To answer this question, a team from Sony Computer Science Laboratories (CSL) in Paris provided recently developed Sony AI tools and prototypes to six artists. These tools included either standalone applications, VST plug-ins for digital audio workstations (DAW), or servers accessible through a web-interface. These tools offer AI contributions to a variety of aspects of the music production process, from sound design to mixing, equalization, and the generation of melodic and rhythmic material. The tools are primarily pull interactions, where the user explicitly queries the tool for an output using priming—for example, serving as the start of a musical part to be continued by the tool, as the starting template from which variations can be explored, or as a part in a multi-part setting for which the tool generates accompanying parts.
Though there are several contexts in which AI tools might be used to create music, this paper focuses on in-studio music creation, which today is more complex than the traditional more linear view, which involves a single composer or artist(s) realizing their vision with the help of producers and engineers. Now, music is created in studio and the final production emerges as a team effort of the musicians as well as the multiple individuals engaged in the production and editing process.
The six artists readily participated in this study not as “subjects” but as an opportunity to use the tools in music creation and then provide feedback. The artists were offered the tools and then interviewed about what they liked and did not like, and provided observations on how it affected their creative process. Artists answers were categories and subjected to a thematic analysis, all guided by the overarching question: how do artists use the AI tools?
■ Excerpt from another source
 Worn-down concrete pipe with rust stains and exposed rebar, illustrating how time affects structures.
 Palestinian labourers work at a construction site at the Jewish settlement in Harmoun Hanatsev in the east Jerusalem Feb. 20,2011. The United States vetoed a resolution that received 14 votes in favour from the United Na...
One standout comment was that the AI-generated ideas helped “break creative habits” and allowed the artist to “reflect on one’s own creative practice and aesthetic values.” This resonates with thinking on the nature of creativity, which has moved beyond seeing creativity as a function of individuals but rather stemming from interactions between individuals in a social environment according to conventions and attributes of a specific domain.
The researchers identified the following four primary lessons learned from this study:
- AI in music creation should work alongside artists. The artists in this case study were happy to use this as a tool to create ideas, but not a replacement for their own creativity.
- A good tool affords the possibility of unexpected results. For example, the “glitchy” and “imperfect” parts of music created by AI were interesting to artists because they created unexpected effects that contributed to interesting ideas in the final musical product.
- AI can be a part, but not all of a production. Artists still want to be part of the process.
- Adapt to the music at hand—meaning, create products that are familiar to the workflow that artists are already used to in contemporary music making.
To determine the validity of AI in music production—in other words, to develop a product that musicians will actually like and use—artists’ feedback suggested the following: Any effective AI tool needs to integrate smoothly into existing workflows, make complicated tasks easier not harder, enhance creativity and provide ideas but not replace them, have clearly identifiable results, and be publishable. If these six artists were representative of the larger population, it is clear that AI may have a role in helping to make complicated tasks more simple, and provide creative fodder and help artists break through creative blocks, but if any AI product is to be adopted widely, its developers need to ensure that the artist feels that they are part of the creative equation.